In questa direzione si sta muovendo da diversi anni la Regione Campania, coordinando le politiche per la casa con riforme di sistema, riorganizzazione delle strutture, ascolto e dialogo con le parti sociali e con una pianificazione di interventi di medio periodo del valore di un miliardo di cui la metà già in corso di attuazione.

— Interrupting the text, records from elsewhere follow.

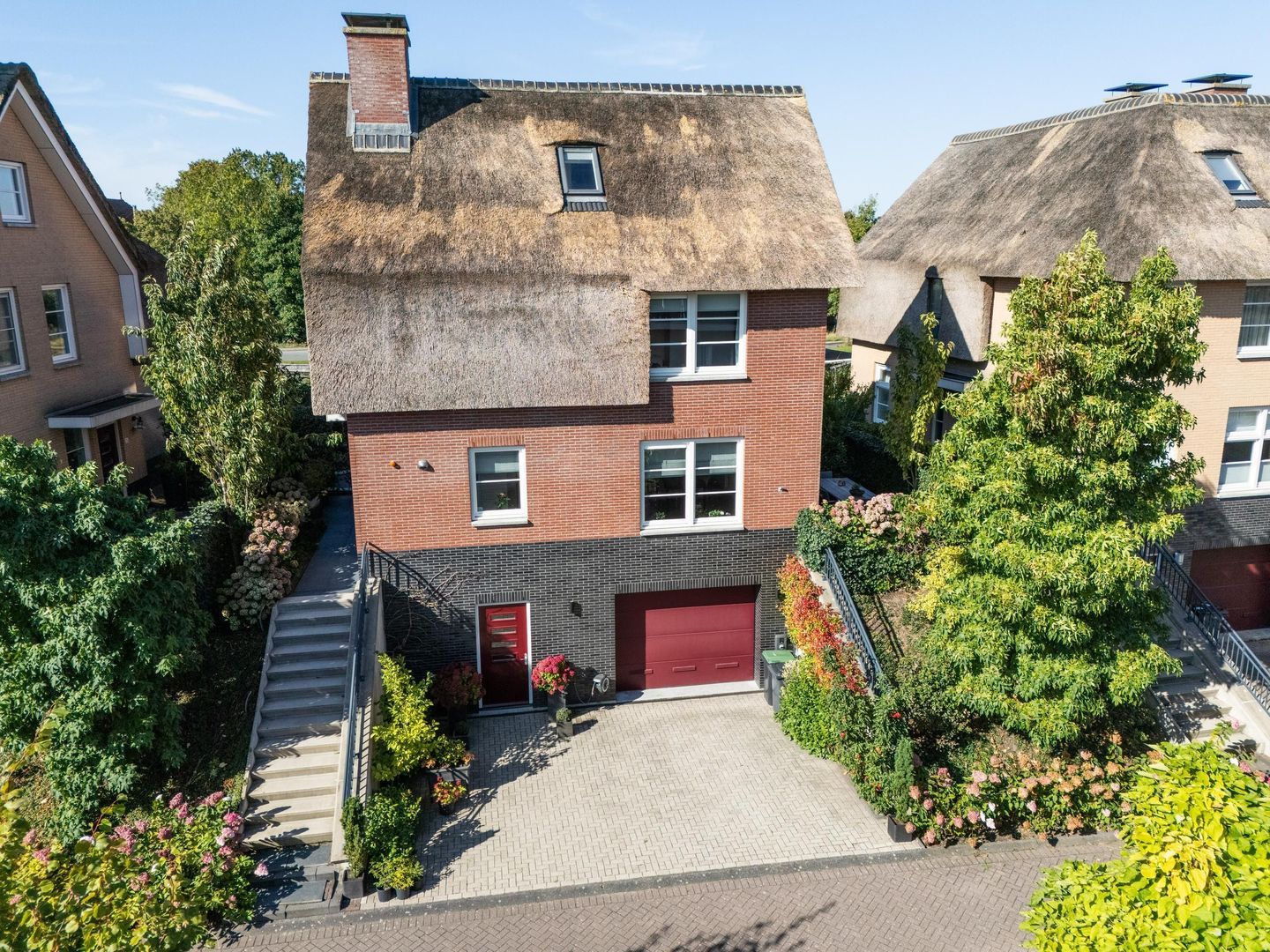 Philips van Dorplaan 17, Schipluiden foto-2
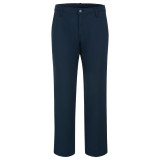 Workrite Wildland Dual-Compliant Pant, Midnight Navy front view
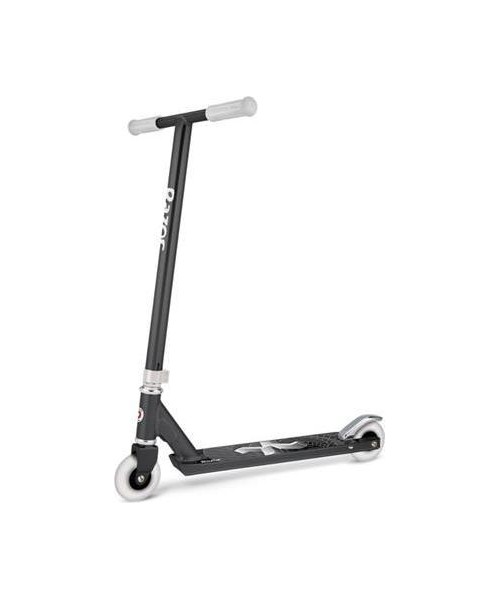 Vaikiški paspirtukai Razor: Razor Pro XPaspirtukas
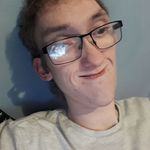 Danny Hardwick - @dannyhardwick288 - Instagram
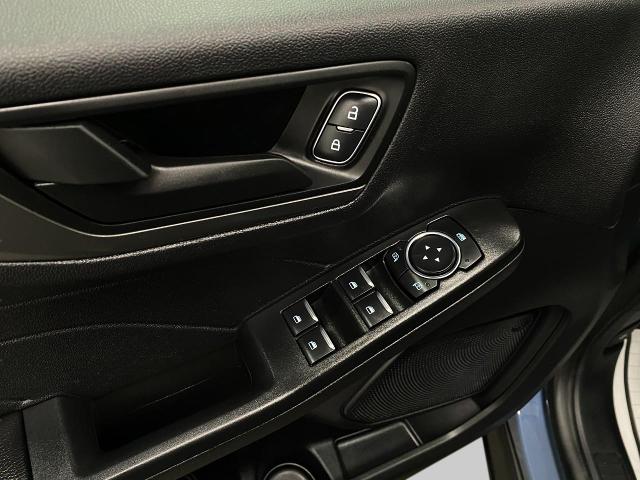 2024 Ford Escape Vehicle Photo in Appleton, WI 54913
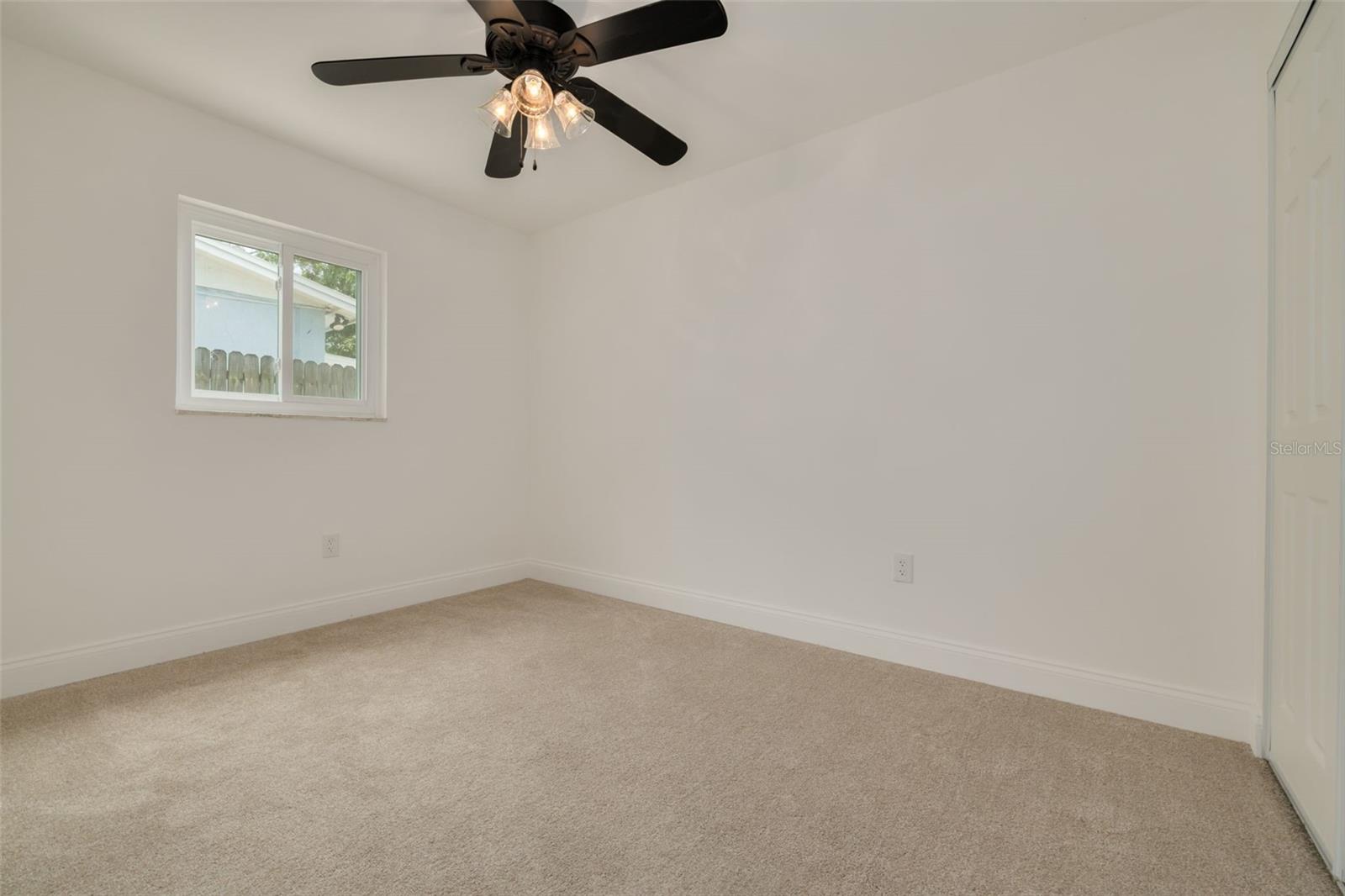 GULF TERRACE 1ST ADD - Residential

Con un metodo simile è auspicabile che possa rilanciarsi in Italia un programma nazionale che veda un’ulteriore dotazione di risorse ministeriali ed una reale collaborazione tra organi centrali e Regioni per la definizione delle strategie e della allocazione degli interventi sul territorio ed un ruolo attivo dei Comuni e delle Agenzie, ma anche di soggetti privati, nella loro attuazione e nel necessario, e non sempre semplice, dialogo con i cittadini e le popolazioni coinvolte. In un modello di governance cooperativo e non conflittuale ovvero in bilico tra rivendicazioni autonomistiche e pulsioni accentratrici.